• EXERCISE INSTRUCTIONS:
Set down every record below exactly as it stands, minus the pictures.

• PROVIDED DATA:
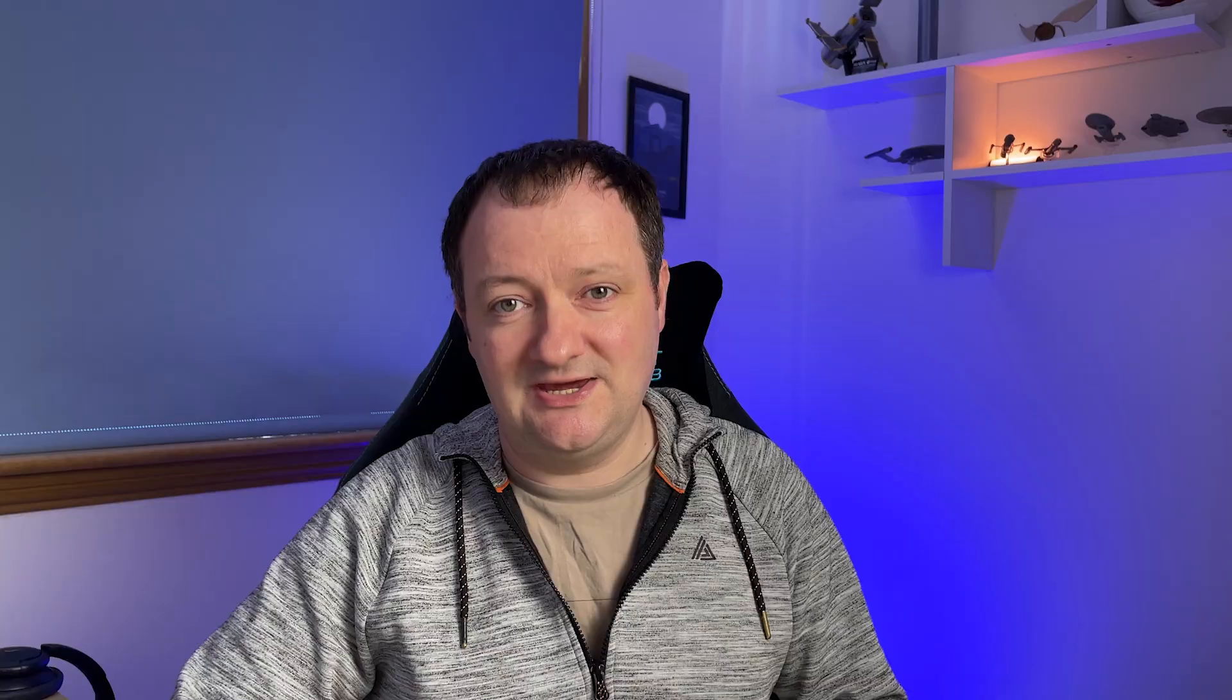And we can also use it to identify outliers and measurements. So perhaps we've got a series of sensor measurements across an area, and maybe one of them is faulty, which gives an unusually high or low reading. And we'll be able to identify that in the geospatial heat map. So let's go over to our Jupyter Notebook and see how we can create some interactive geospatial heat maps.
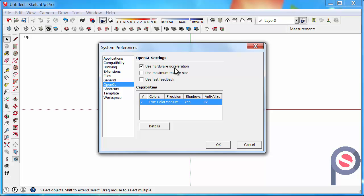In the previous tutorial we were talking about use fast feedback. I would also recommend turning this off because it's just a rendering state that SketchUp uses to show the model a little bit crisper, but you don't actually need it because it actually slows down the way you work with SketchUp.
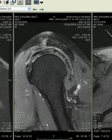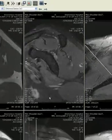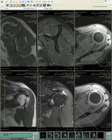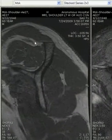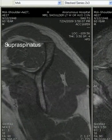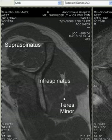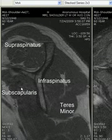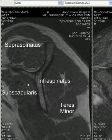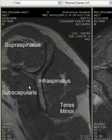If we look at the muscle bulk, it is important to look for atrophy of muscle. We can see the normal supraspinatus filling the majority of the outlet, the normal bulk of the infraspinatus, the teres minor, and the subscapularis as well.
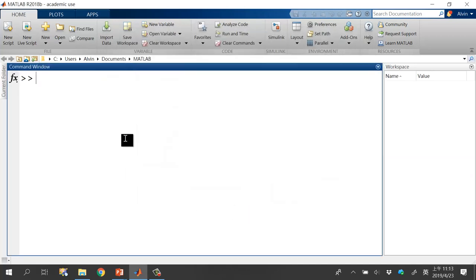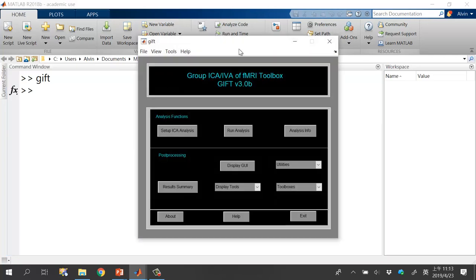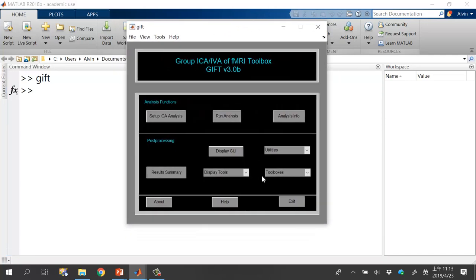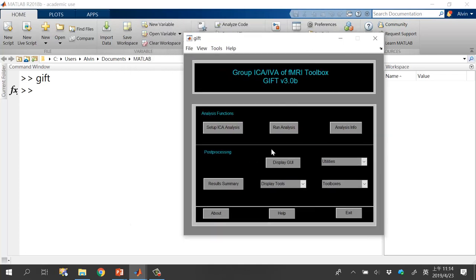To confirm you set it up correctly, type 'gift' in lowercase only — do not use uppercase. If set up correctly, the GIFT interface will pop up.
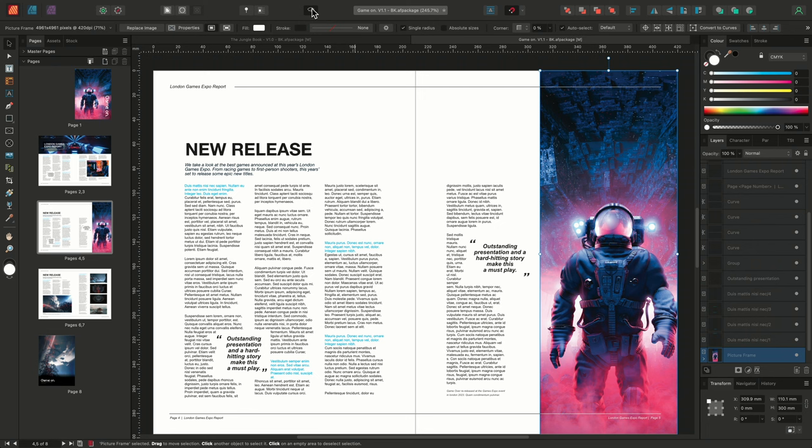And there we go, that was how to create and utilize rulers, guides, and column guides in Affinity Publisher. I hope you found this interesting, and thank you for watching.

• RESPONSE BELOW:
And we can also use it to identify outliers and measurements. So perhaps we've got a series of sensor measurements across an area, and maybe one of them is faulty, which gives an unusually high or low reading. And we'll be able to identify that in the geospatial heat map. So let's go over to our Jupyter Notebook and see how we can create some interactive geospatial heat maps.
In the previous tutorial we were talking about use fast feedback. I would also recommend turning this off because it's just a rendering state that SketchUp uses to show the model a little bit crisper, but you don't actually need it because it actually slows down the way you work with SketchUp.
If we look at the muscle bulk, it is important to look for atrophy of muscle. We can see the normal supraspinatus filling the majority of the outlet, the normal bulk of the infraspinatus, the teres minor, and the subscapularis as well.
To confirm you set it up correctly, type 'gift' in lowercase only — do not use uppercase. If set up correctly, the GIFT interface will pop up.
And there we go, that was how to create and utilize rulers, guides, and column guides in Affinity Publisher. I hope you found this interesting, and thank you for watching.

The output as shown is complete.